Une EURL – ayant pour activité la conception, la vente, l’installation et l’entretien d’appareils de climatisation – est confrontée à une proposition de rectification sur le fondement de l’article L. 55 du LPF N° Lexbase : L5685IEB. L’administration procède à la réintégration – dans les bénéfices imposables à l’IS – des commissions versées à une société de consulting. Ces commissions - versées sur le fondement d’un contrat d’agent commercial – sont qualifiées d’acte anormal de gestion. L’EURL n’accepte pas les rectifications proposées ; la Commission départementale des impôts directs émet un avis favorable aux redressements. Le supplément d’IS – assorti de la pénalité pour manquement délibéré - est mis en recouvrement. Après rejet de la réclamation préalable de la société, saisine du TA de Strasbourg il y a : celui-ci ne fait pas droit à la demande des requérants visant à la décharge de l’imposition supplémentaire et au rétablissement du déficit reportable.


 

Devant la CAA de Nancy, l’EURL développe une double argumentation à l’appui de ses prétentions. Premièrement, elle estime que la décision d’externaliser son service commercial relève de sa liberté de gestion, liberté que l’administration ne saurait jauger et juger (cf. le principe de libre administration des entreprises).

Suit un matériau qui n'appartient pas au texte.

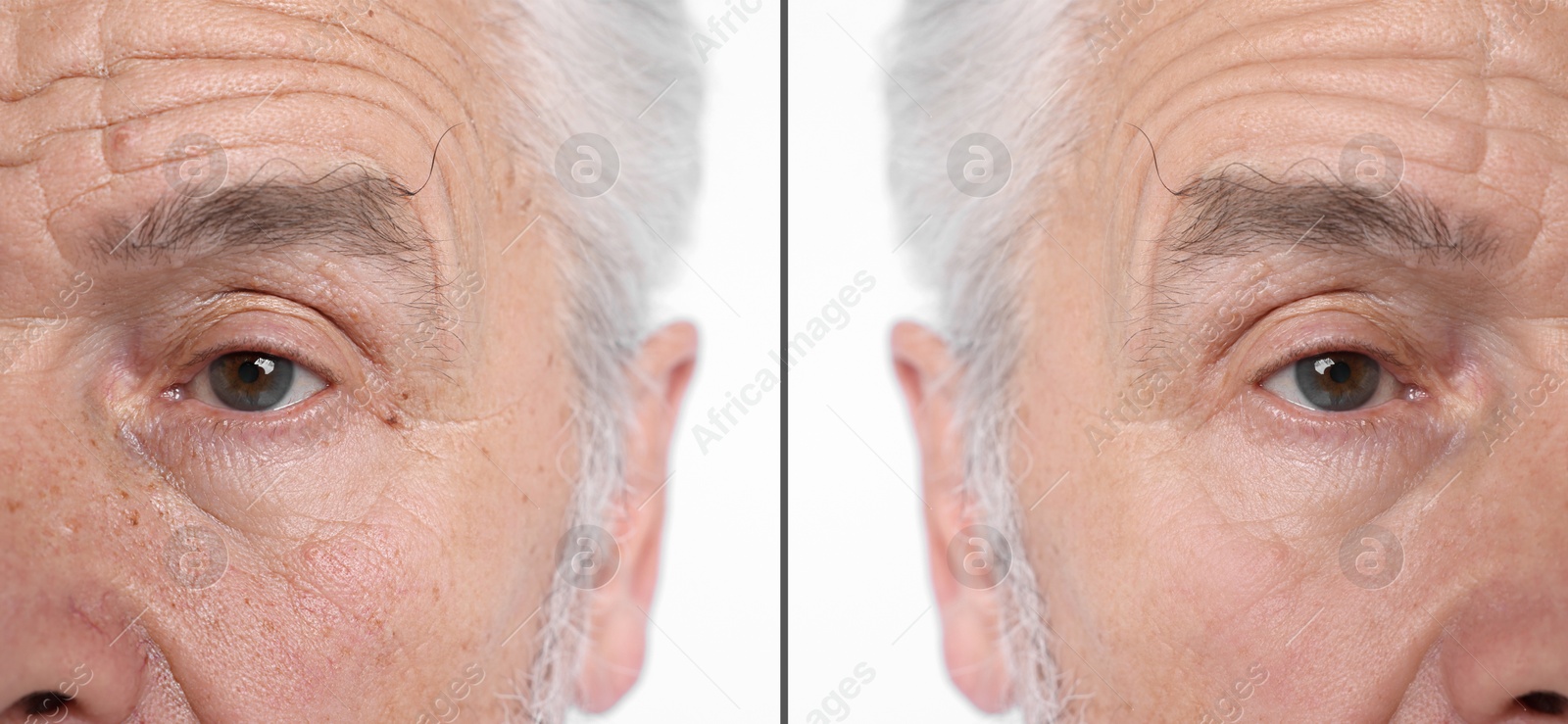 Image of Senior man showing his face before and after skin care treatment, closeup. Collage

Une fois ce rappel théorique opéré, le propos de la requérante porte sur le fardeau probatoire : l’administration ne rapporte pas la preuve que les sommes versées à la société de consulting relèvent d’une gestion commerciale anormale. Les arguments de l’administration – cf. le fameux faisceau d’indices – ne démontrent pas l’absence d’intérêt d’avoir recours à la société de consulting. Or, le démarchage de nouveaux clients est essentiel pour l’activité économique ; il suffit de se rapporter à l’évolution du chiffre d’affaires pour entrevoir l’utilité des prestations émanant de la société de consulting. Secondement, l’EURL récuse l’argumentation de l’administration s’agissant des fonctions assumées par les deux personnes ayant touché les commissions ; elles n’assument aucune fonction commerciale, possèdent uniquement des attributions techniques (cf. leur contrat de travail). Avec ces contrats, rémunération au forfait jour il y a ; les deux intéressés ne sont donc pas empêchés de développer une activité commerciale au sein de la société de consulting.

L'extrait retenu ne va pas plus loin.